*** Opening of Information supplied ***

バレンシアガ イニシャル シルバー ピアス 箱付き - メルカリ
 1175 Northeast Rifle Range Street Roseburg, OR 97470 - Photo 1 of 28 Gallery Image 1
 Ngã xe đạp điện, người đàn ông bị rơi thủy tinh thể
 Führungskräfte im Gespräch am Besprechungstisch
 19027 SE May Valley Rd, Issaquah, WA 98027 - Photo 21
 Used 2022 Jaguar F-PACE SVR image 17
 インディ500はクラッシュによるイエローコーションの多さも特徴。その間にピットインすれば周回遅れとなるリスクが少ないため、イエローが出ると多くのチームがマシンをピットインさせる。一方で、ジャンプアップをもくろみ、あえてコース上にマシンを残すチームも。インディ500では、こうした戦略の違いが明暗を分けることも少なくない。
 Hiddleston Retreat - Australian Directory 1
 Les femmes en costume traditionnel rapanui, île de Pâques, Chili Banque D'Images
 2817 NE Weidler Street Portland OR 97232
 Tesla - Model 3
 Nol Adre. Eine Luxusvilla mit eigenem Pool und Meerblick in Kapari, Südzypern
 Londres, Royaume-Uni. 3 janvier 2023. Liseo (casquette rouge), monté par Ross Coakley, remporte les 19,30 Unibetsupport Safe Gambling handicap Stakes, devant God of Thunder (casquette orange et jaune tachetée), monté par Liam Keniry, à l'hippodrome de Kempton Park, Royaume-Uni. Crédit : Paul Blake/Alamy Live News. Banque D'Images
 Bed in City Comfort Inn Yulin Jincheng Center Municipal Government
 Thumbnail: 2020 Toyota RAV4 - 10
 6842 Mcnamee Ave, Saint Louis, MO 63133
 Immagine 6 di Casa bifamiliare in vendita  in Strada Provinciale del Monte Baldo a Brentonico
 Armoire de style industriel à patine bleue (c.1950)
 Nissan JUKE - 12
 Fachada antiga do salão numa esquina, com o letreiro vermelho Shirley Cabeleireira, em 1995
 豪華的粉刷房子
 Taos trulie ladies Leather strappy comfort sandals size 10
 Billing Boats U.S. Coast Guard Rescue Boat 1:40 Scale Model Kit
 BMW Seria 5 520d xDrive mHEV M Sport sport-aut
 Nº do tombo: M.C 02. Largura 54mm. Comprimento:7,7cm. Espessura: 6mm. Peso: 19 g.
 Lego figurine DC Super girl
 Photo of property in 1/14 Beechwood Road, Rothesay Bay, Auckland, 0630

*** Close of Information supplied ***

Directions for this task - Wherever a line of the data above contains "Street", copy that line.

Finished task -
 1175 Northeast Rifle Range Street Roseburg, OR 97470 - Photo 1 of 28 Gallery Image 1
 2817 NE Weidler Street Portland OR 97232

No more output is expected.